Once in the theatre we are all instructed to put our coats and shoes aside and sit round in a circle on the floor. There is a calm and friendly atmosphere, with members of the cast sitting amongst the audience and chatting before everyone is ready. An introduction tells us that this is a place to watch, a place to move and a place to play. Based around William Blake’s early experiences and poetry the four dancers morph into different animals, build a tree, create stunning tableaus and draw the children into another world with a delicate yet strong fluidity. They use simple devices like getting their audience to close their eyes so once opened they’re transported somewhere else, and large pieces of paper that act as leaves and are shaken to create the sound of a rainstorm.

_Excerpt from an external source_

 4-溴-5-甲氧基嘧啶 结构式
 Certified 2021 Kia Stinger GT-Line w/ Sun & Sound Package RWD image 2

The lighting is absolutely perfectly placed, leaving the dancers in colour that emphasises the character they are being in any given moment, or washing the room to highlight the mood. The real centre of the piece is provided by Paul Bradley’s fantastic original score, played solo live with the aid of a loop pedal, a guitar and some excellent beat-boxing.
There are very few shows aimed at, or even suitable for, young children at the fringe. It is refreshing to have a company so prepared, so willing even, to allow children to be children and engage fully in their own way. No one is concerned when a toddler wanders off around the stage, as Scottish Dance Theatre create a safe environment where expression is paramount. Altogether this is a well designed performance that anyone with a young child in Edinburgh should do their best to catch.